The fun lies in the incidental characters. Abercrombie has had the brilliant and rather unusual idea of keeping his fantasy world and setting a completely different story in it. The First Law was dominated by existential conflict between The Union and its traditional enemies to the South and North; Best Served Cold is set in squabbling duchies in between, and the devastating although ultimately inconsequential infighting among them. It's all quite straightforwardly modeled on Renaissance Italy, including the utterly unreliable mercenaries and the utterly undeserving dukes who hire them, and it's none the worse for that. The cleverness lies in having it all link to the larger events of the earlier books but not to rely on them very much. The fun comes from the fact that many of the principal hirelings of the main cast have strayed in from more minor roles in The First Law, including degenerate mercenary Nicomo Costa (drunk, unreliable, but a cunning associate until the inevitable moment of weakness) Vitari, one of Glokta's associates in the First Law, Carlot den Eider, one of his opponents, and so on. Since they managed to survive the other books, you're kind of rooting for them to survive in this one too, which helps to keep the tension up and makes for a curiously warm feeling when, against the odds, some of them do actually make it out alive.
And there's the fun which comes from good writing. Abercrombie's got a good ear for a one liner, but unlike most writers who can toss in the sharp lines, his characters manage to retain distinct voices of their own, which makes the humour part of the character rather than part of the book's tone.
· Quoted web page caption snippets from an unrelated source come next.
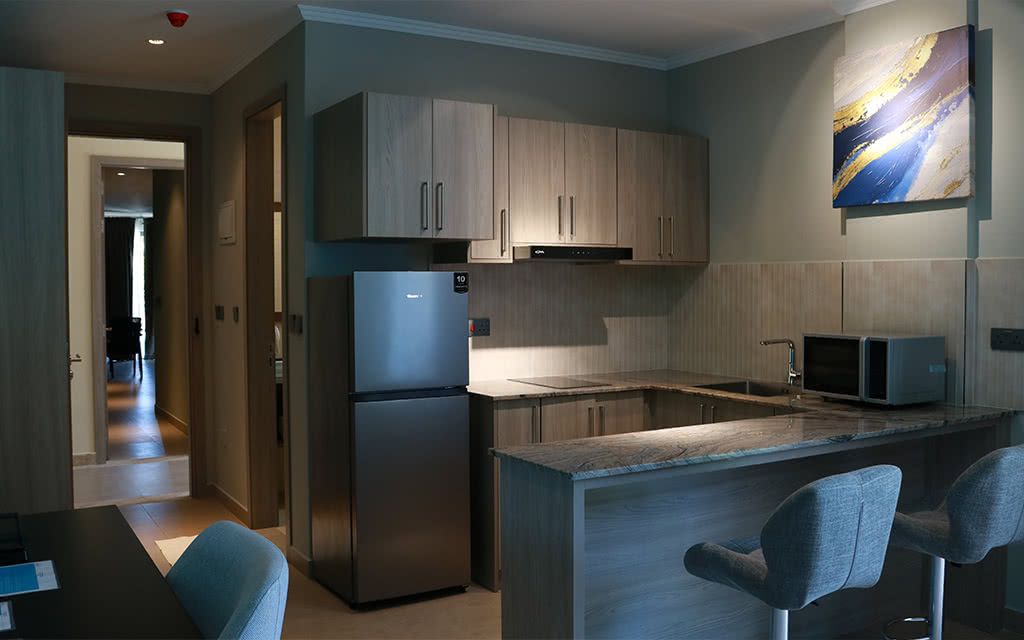 Thalassa Self-Catering Apartments pas cher photo 6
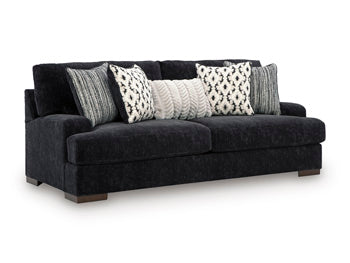Whitmore Manor Sofa - Big's Furniture (NV) - Multi Location
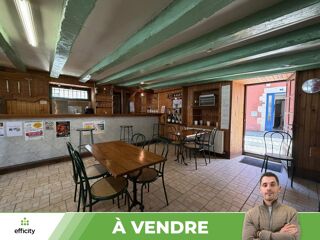  Immeuble à vendre 15 + pièces 310 m²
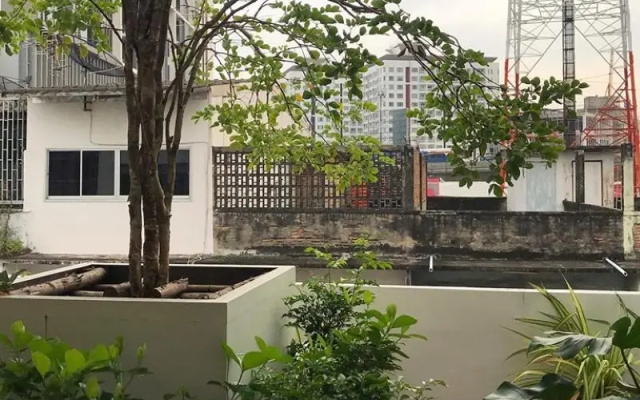 Shophouse 26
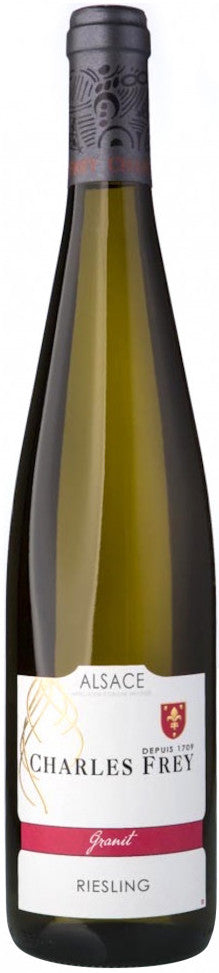 Charles Frey Riesling Granit 2019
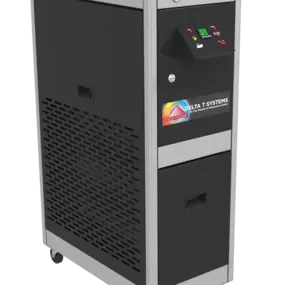 Bild von Delta T Systems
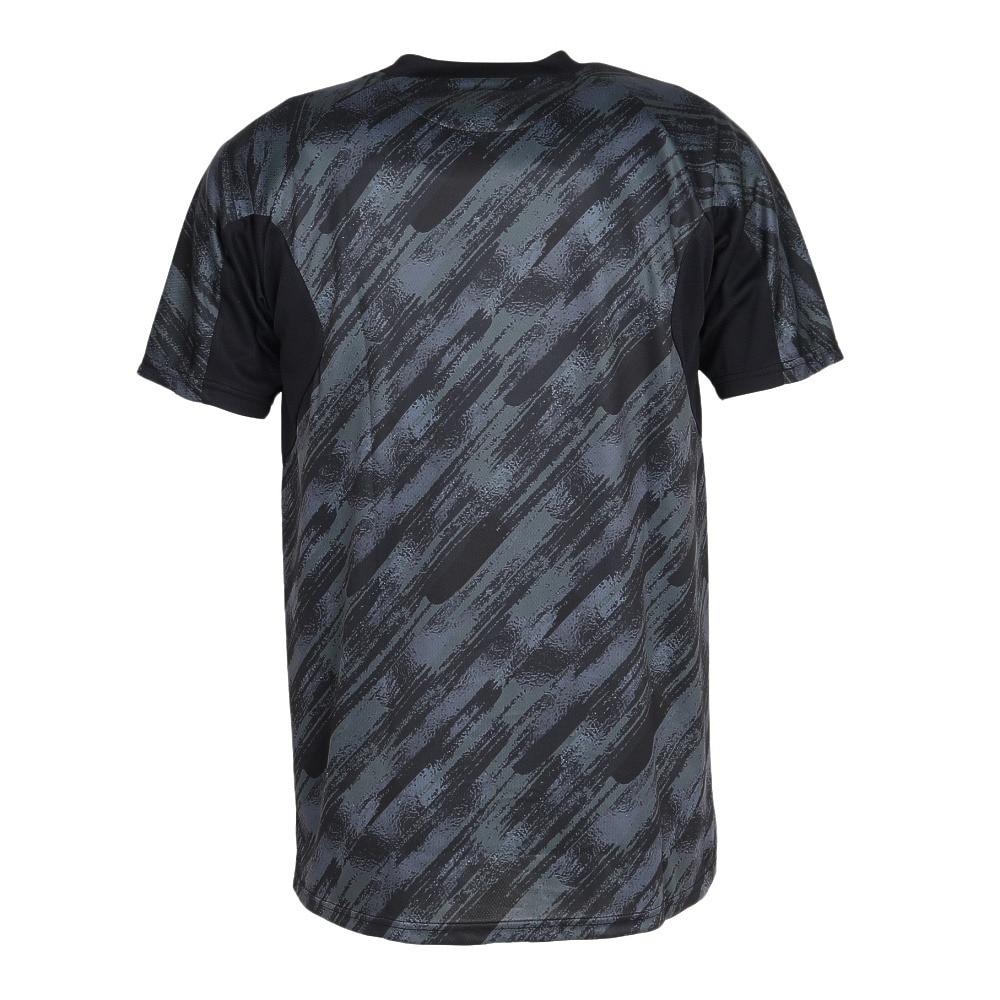 アスレタ（ATHLETA）（メンズ）サッカー フットサルウェア プラシャツ XE-461 BLK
The Master Poisoner Castor Morveer is beautifully done; he's a viewpoint character so we get to see the world as he sees it, but his constant self-aggrandisement is elegantly undercut at every turn. He's not a sympathetic character, exactly - or even at all - but he's somehow very human. There's a very well written stretch as Morveer realises that he has alienated yet another employer without intending to, which captures perfectly from the inside a type of person that everyone has met; the guy who just doesn't realise how annoying he is. The moment of genius comes from putting that personality into a role where he has the power of life and death over total strangers.
All in all, a book well worth waiting for. Now the wait starts for the next one.